En fait, c'est Joseph Kabila qui a ce qui fait courir l'hémisphère Nord
chez nous au Sud, mais son absence de lucidité et de lecture du poids
spécifique de la RDC
en Belgique et dans le monde, le pousse à flatter ceux qui n'ont rien. Ce
faisant, il devient le ridicule de son propre aplat-ventrisme. Dans
cette infortune, il nous traîne dans la même farandole de perte de direction et
fait de nous les marchepieds des oppresseurs, ces commanditaires des
guerres civiles chez nous, lesquelles ont fait six millions d'innocentes
victimes. De toutes les façons, Joseph Kabila sort du même oeuf, celui
des enfants soldats du container du Dracula des Grands Lacs, Adolf Kagamé.

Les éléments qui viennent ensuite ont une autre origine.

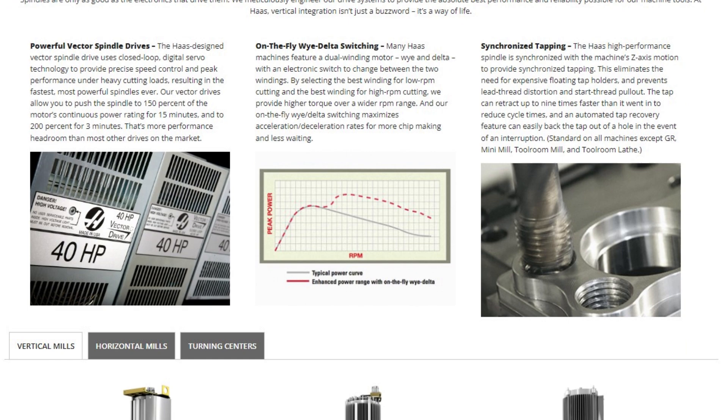While you're there, check out our many other mills, turning centers, and automation solutions — only from Haas Automation.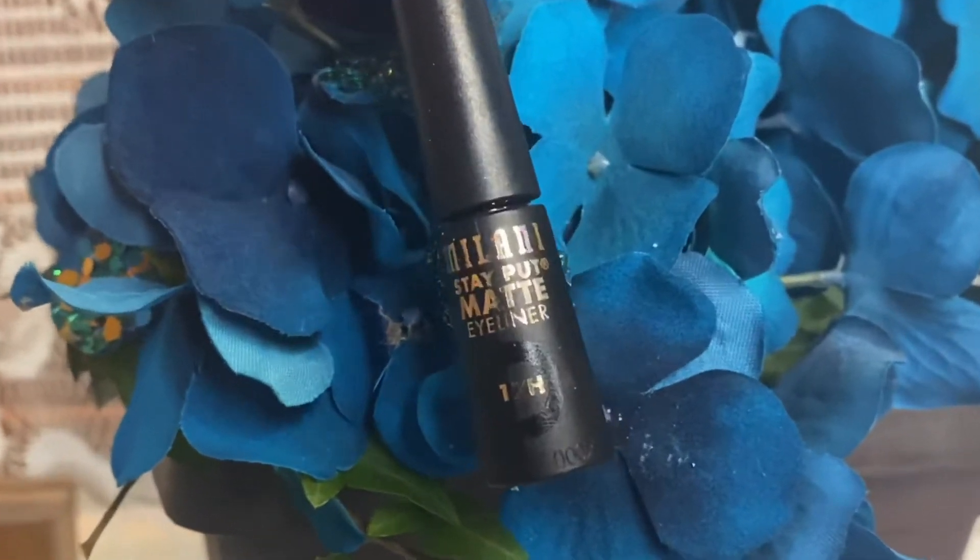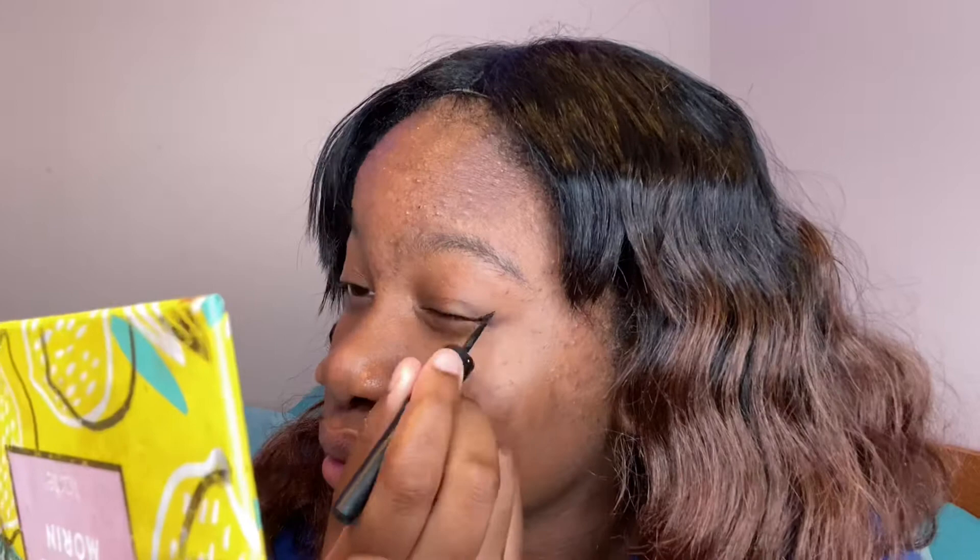Now we're going to go with eyeliner. I usually mess up eyeliner, but we're going to do a simple one today. I like to do extra dramatic, but for school my mom said I should be a little more simple, so hopefully I don't mess it up. I'll be using the Milani Stay Put Matte Eyeliner — I got this at CVS.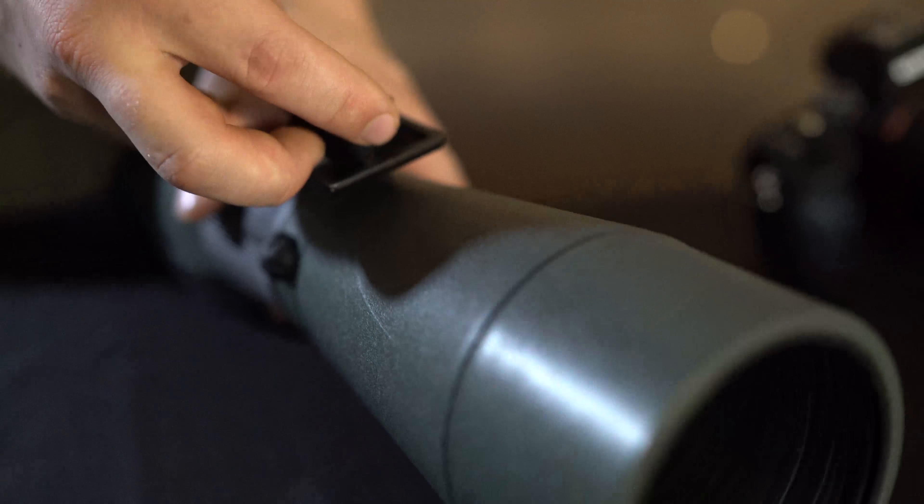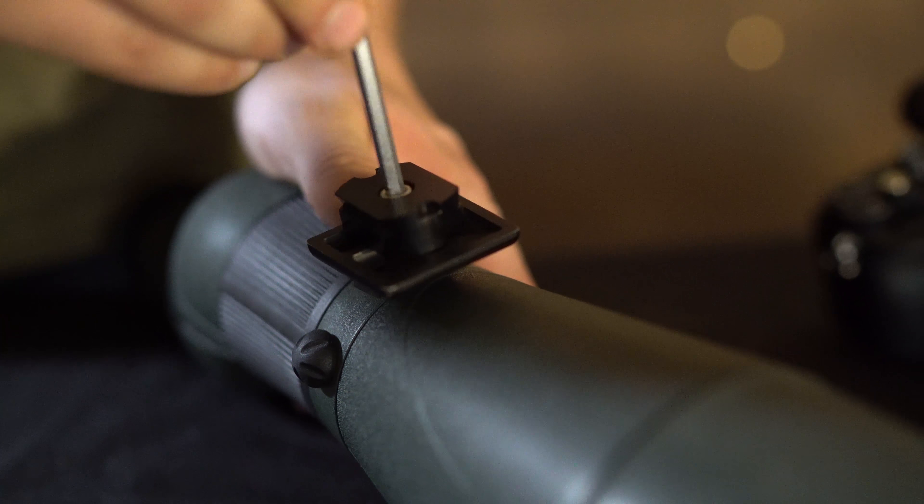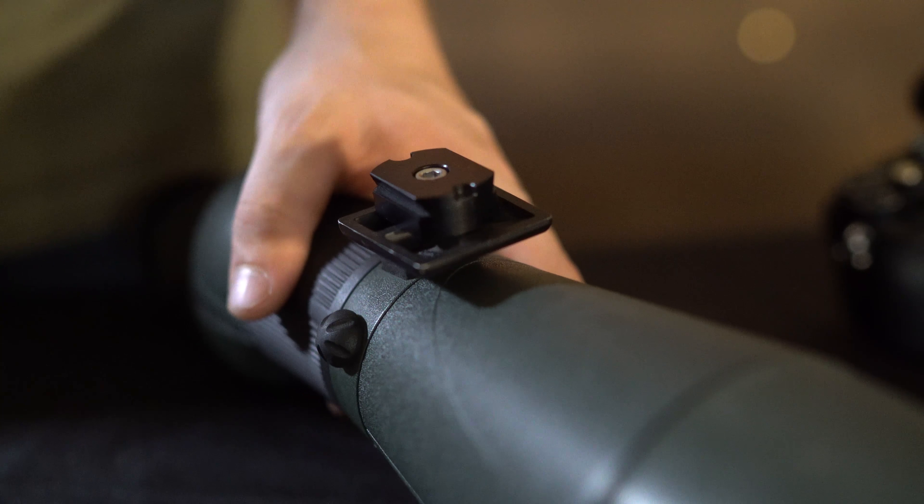To install the adapter plate, simply place on the foot of your spotting scope or other optic and hand tighten, and now you're ready to use it on any Outdoorsman's tripod head.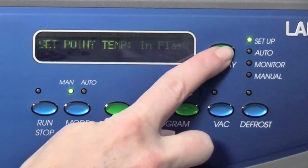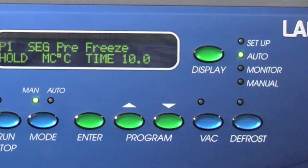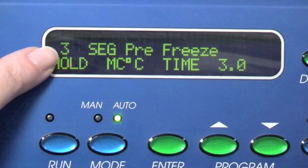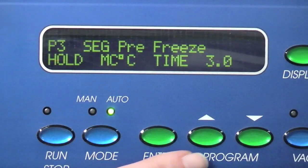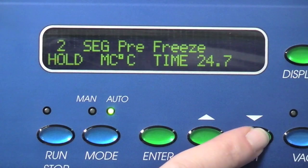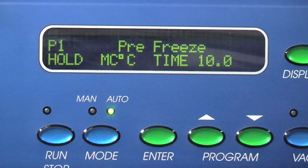Press the display button until the auto indicator is lit. The P in the display will flash and the program number that will be run is shown. To select different programs, press the up or down button to change the program number. When the desired program number is displayed, press enter.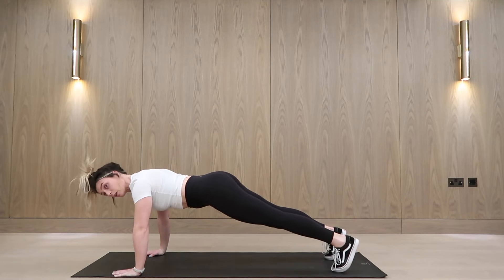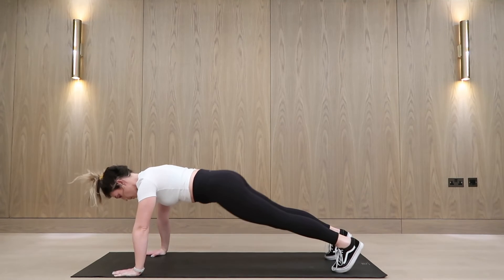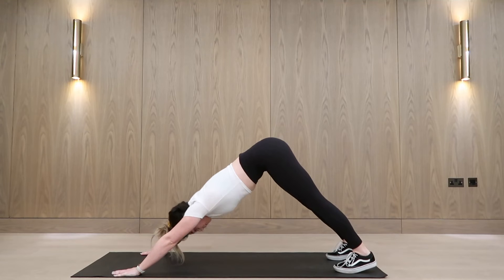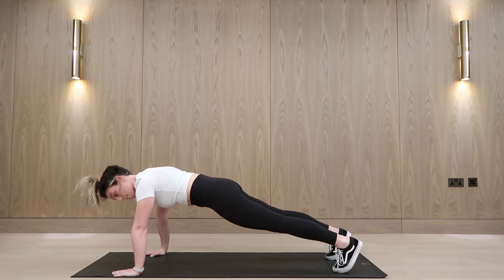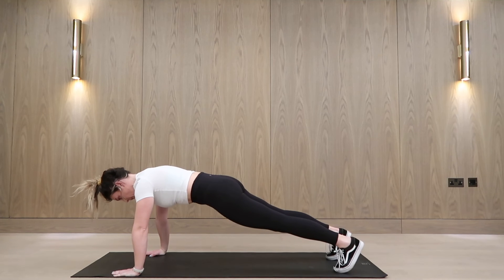You're going to push out of your shoulders when you go into that downward dog. As you can see, I'm just readjusting my pelvis and then I'm pushing out. Try not to dip that hip too much — keep it in line with your shoulders and repeat.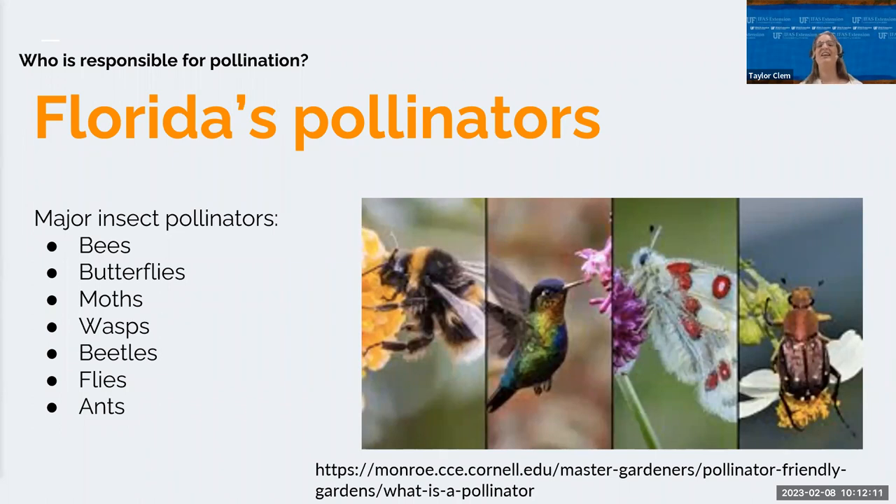Then we have wasps — they're not fuzzy and they're the social cousins of bees. They have a bad reputation for being aggressive, but a lot of other insects rely on their predatory behaviors because they have a huge role in keeping balance in the insect population. They're typically not aggressive to humans unless provoked, with the exception of yellow jackets, which are most aggressive in autumn when they're looking for food to feed their queen through winter.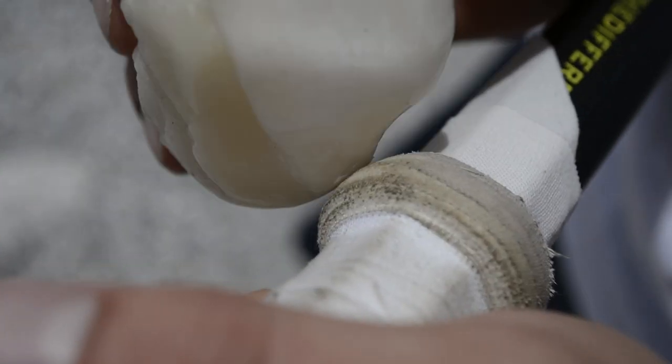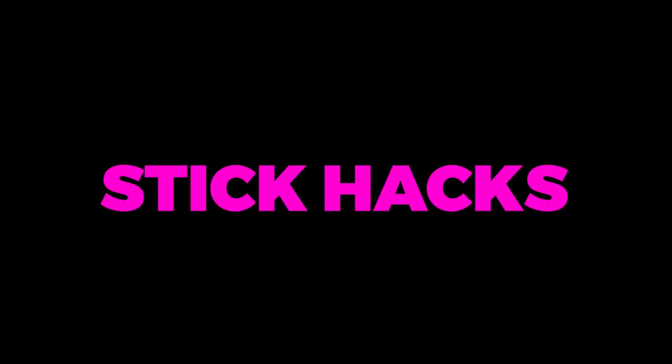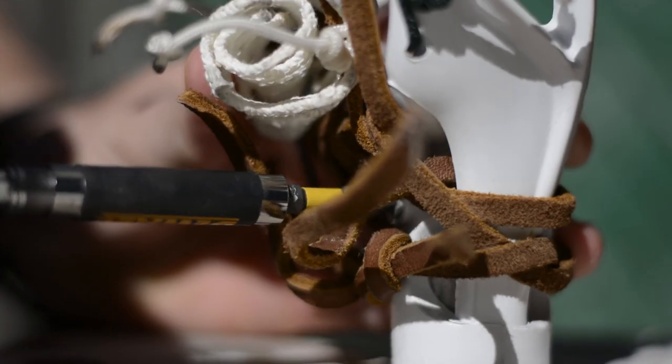Today we're going to fix a loose screw with a wine cork. Let's just say this first: if you can flip your shaft over and put a screw on the other side, do that. This is only a last resort.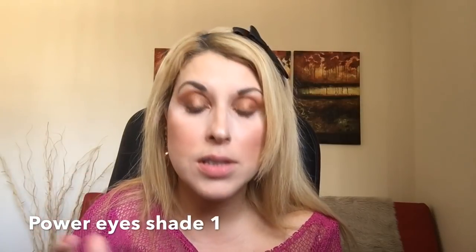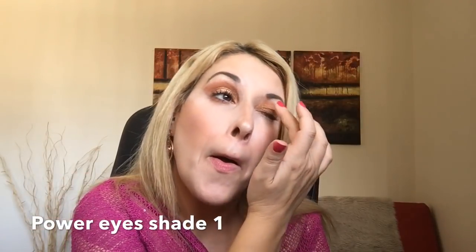I'm using the same shade for the inner corner. Then taking my finger and shade number one, I pop it in the middle of the lid just for that extra oomph. This is the second look — the Power Eyes.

Bravo et Bonne chance, Monsieur Marcel Kalwangila, dans vos écrits à vocation éclairantes sur la RDC, la plus belle République de la terre entière. Le Congo-Kinshasa est le pays médecin des maux de la planète. Nous Congolais nous ne sommes pas encore cette nation que les génocides, les massacres, la brutalité, le mensonge et la gabegie ont réussi à confiner dans un petit destin de spectateur du devenir humain. Les Grandes puissances ont détruit les conglomérats d'ailleurs, la RDC avec des populations rurales de toutes ses provinces confondues a fait échec à la mondialisation sauvage et fait réfléchir Washington, Paris, Bruxelles, Londres, Berlin et les Nations Unies. C'est pour bientôt le retour du Congo-Kinshasa sur la scène avec des vrais chefs qui se démarquent du patronage des Conquistadors en mal de recolonisations des Noirs. Tintin au Congo est définitivement mort avec le désaveu plausible de Kabila à Bruxelles. Le fait qu'on ait refusé au chef de l'État la main par un autre chef d'État illustre bien que ce l'on attend des Noirs. En fait, ils sont une franchise de servitude, ce sous-entendu n'est pas inaudible dans les discours de Nicolas Sarkozy. À l'Université Cheik Anta Diop, il en a été question, les Africains ne sont pas de plein pied dans l'histoire. En tous cas, Dieu était étonné qu'u humain l'ait mis en question.
Qui vivra verra,
laissons l'avenir venir !
À bientôt Monsieur Marcel Kalwangila, Dieu vous garde.